_Required work_: All of the data should be copied exactly, with the pictures left out.

_Recorded data_:
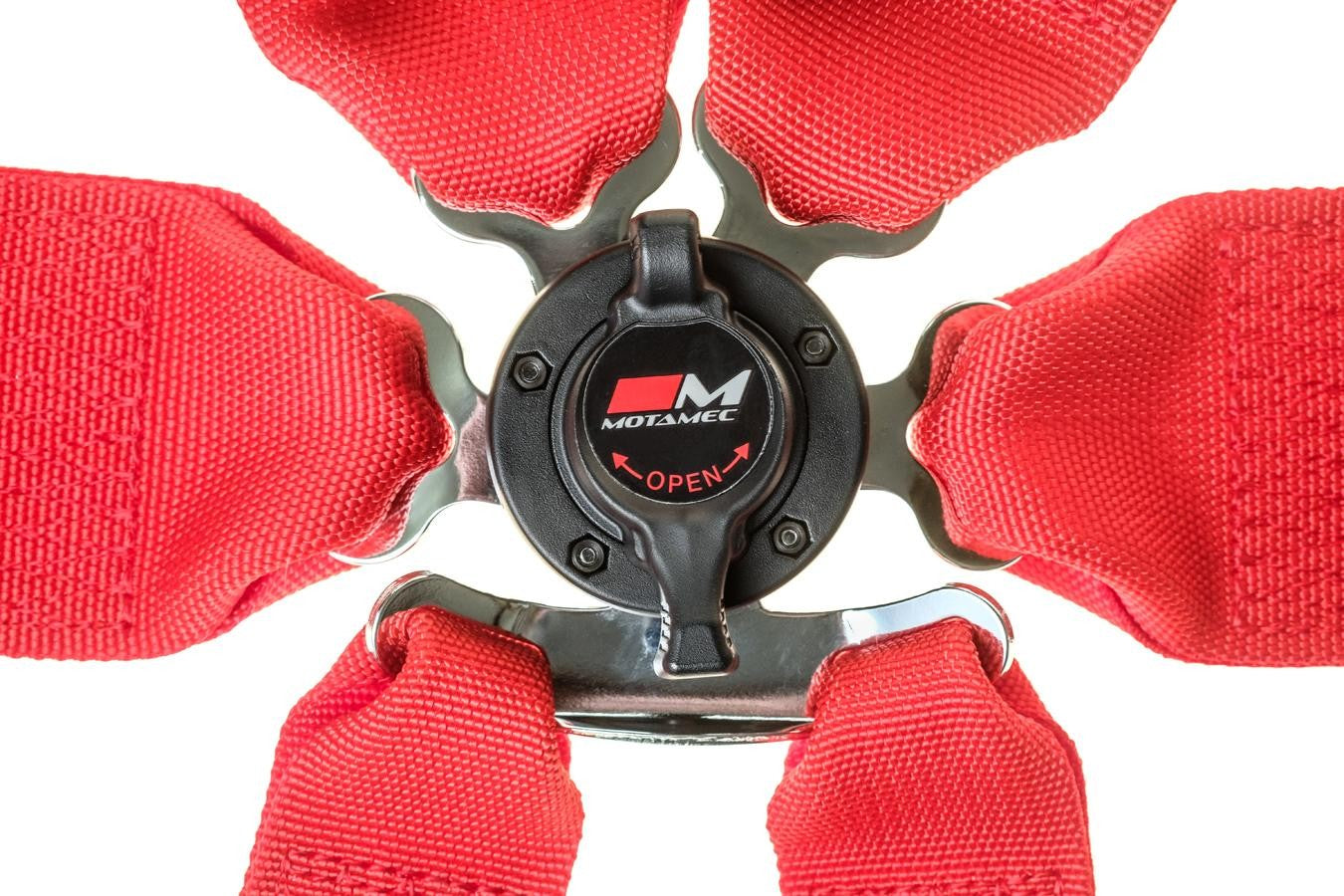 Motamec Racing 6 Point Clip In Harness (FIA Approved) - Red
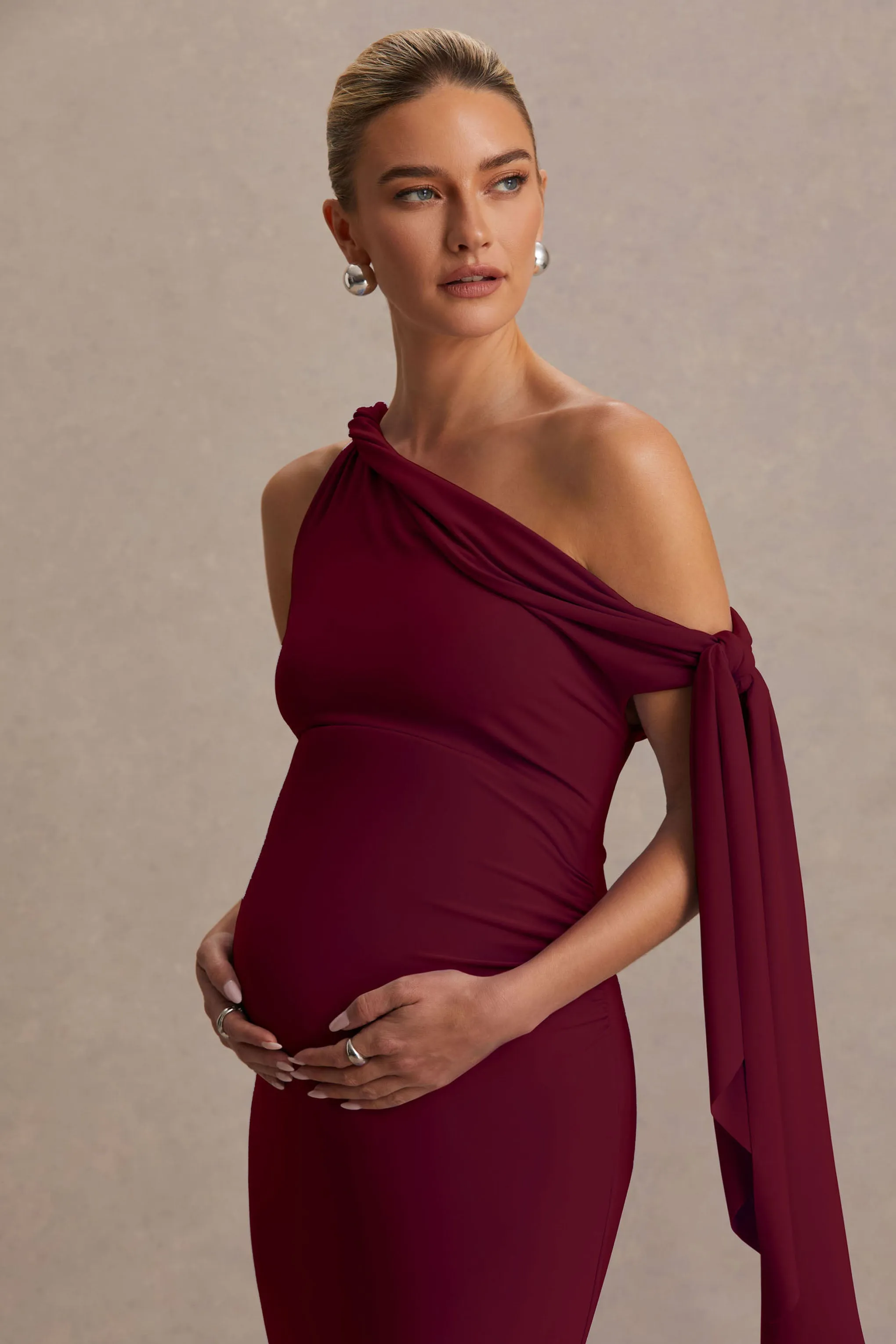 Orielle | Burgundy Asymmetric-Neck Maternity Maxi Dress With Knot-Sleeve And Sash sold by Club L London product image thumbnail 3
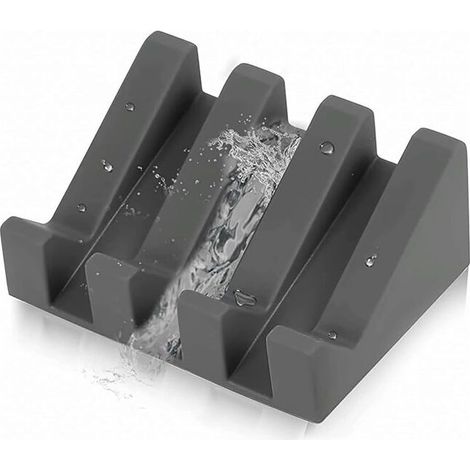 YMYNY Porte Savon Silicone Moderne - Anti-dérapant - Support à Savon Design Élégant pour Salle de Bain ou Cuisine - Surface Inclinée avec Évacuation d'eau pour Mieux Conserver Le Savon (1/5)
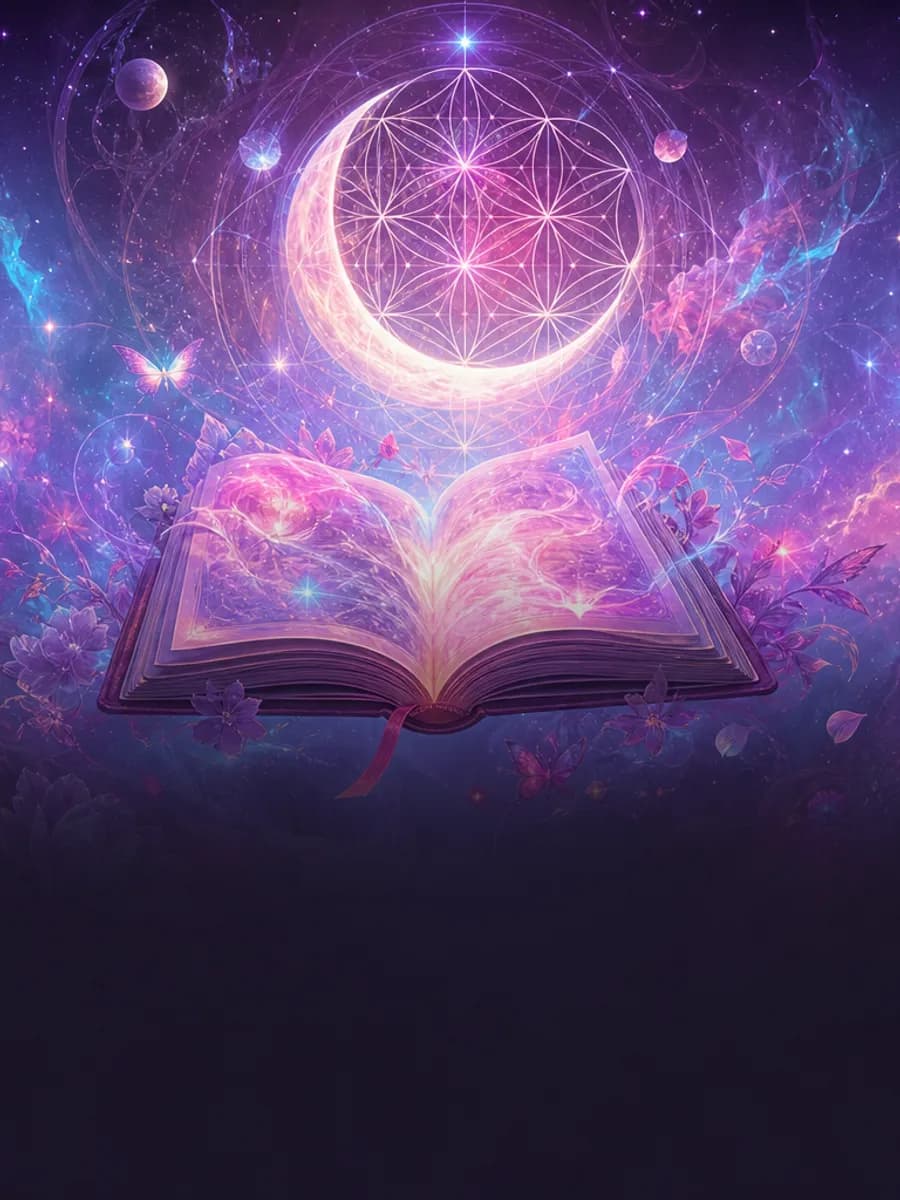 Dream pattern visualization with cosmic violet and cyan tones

_Result below_:
 Motamec Racing 6 Point Clip In Harness (FIA Approved) - Red
 Orielle | Burgundy Asymmetric-Neck Maternity Maxi Dress With Knot-Sleeve And Sash sold by Club L London product image thumbnail 3
 YMYNY Porte Savon Silicone Moderne - Anti-dérapant - Support à Savon Design Élégant pour Salle de Bain ou Cuisine - Surface Inclinée avec Évacuation d'eau pour Mieux Conserver Le Savon (1/5)
 Dream pattern visualization with cosmic violet and cyan tones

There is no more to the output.